→ **Exercise requirements**: Without including any picture, copy the entries that follow word for word.

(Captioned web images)
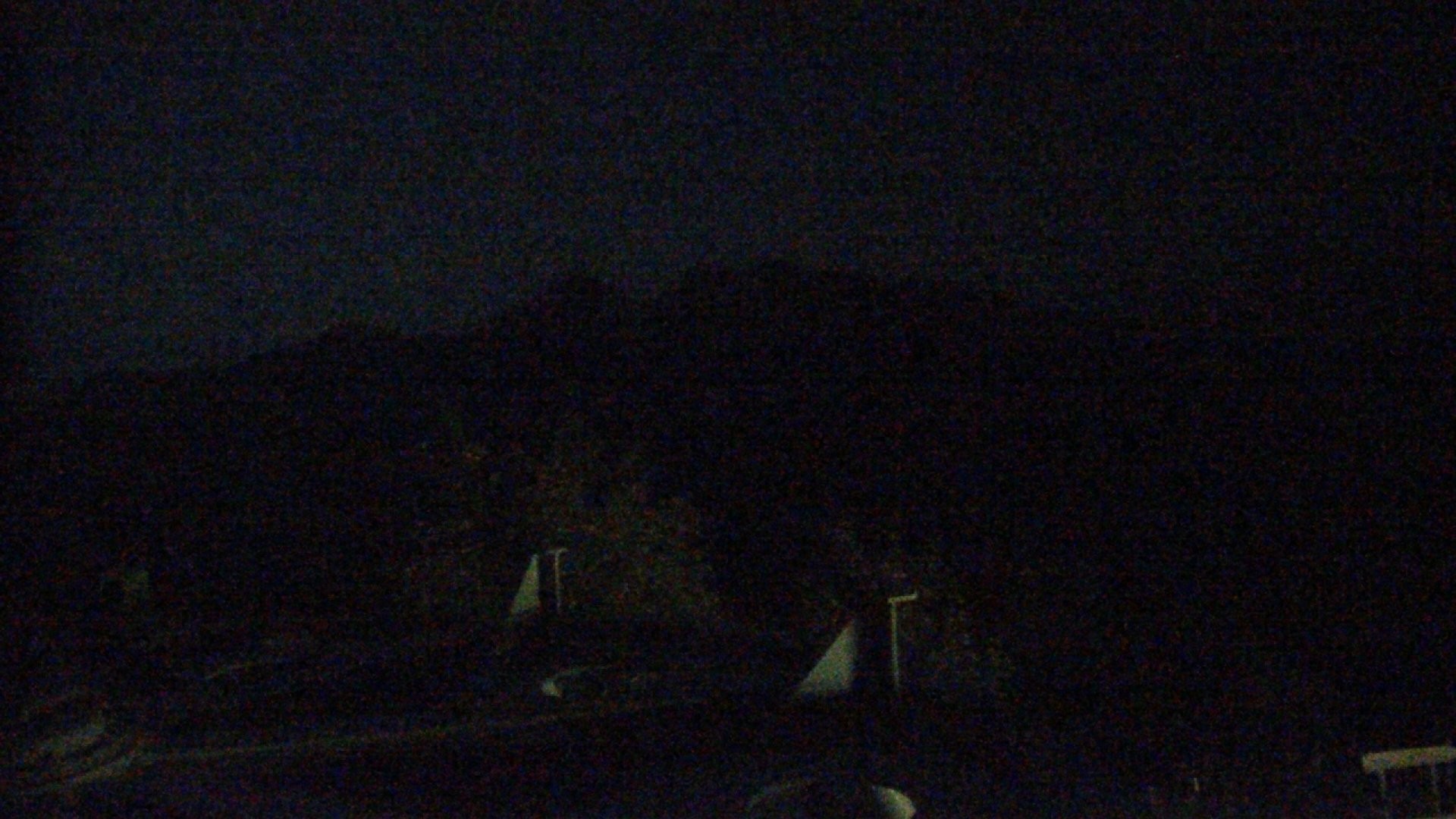 Archiv Foto Webcam Ruhpolding: Bergstation am Unternberg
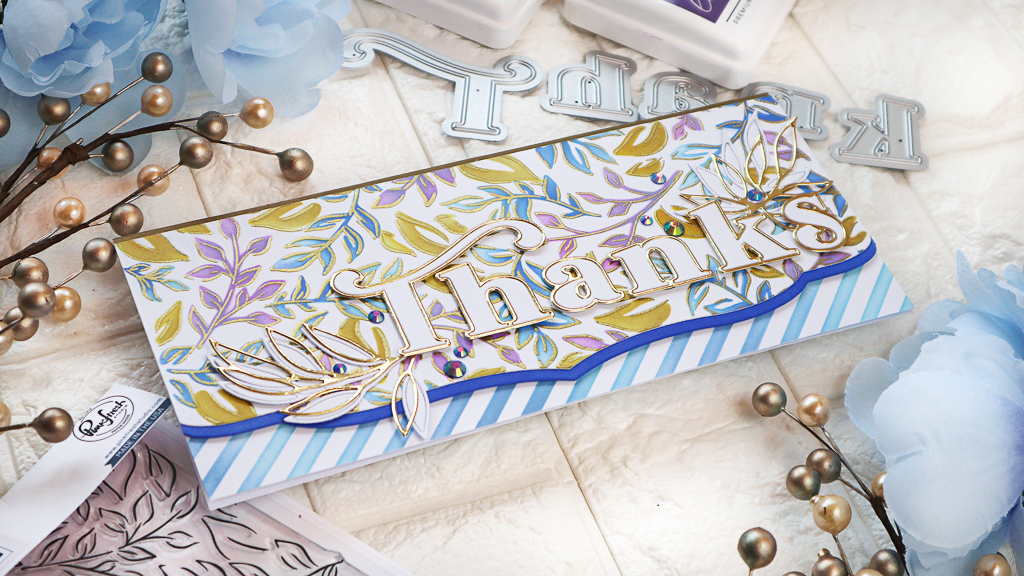 pf1123-feature-new-3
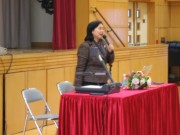IMG_0824 * 2272 x 1704 * (902KB)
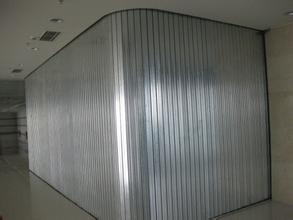 朝陽區甜水園安裝防火卷簾門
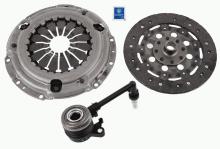 SACHS 3000 990 553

→ **Written response**:
 Archiv Foto Webcam Ruhpolding: Bergstation am Unternberg
 pf1123-feature-new-3
IMG_0824 * 2272 x 1704 * (902KB)
 朝陽區甜水園安裝防火卷簾門
 SACHS 3000 990 553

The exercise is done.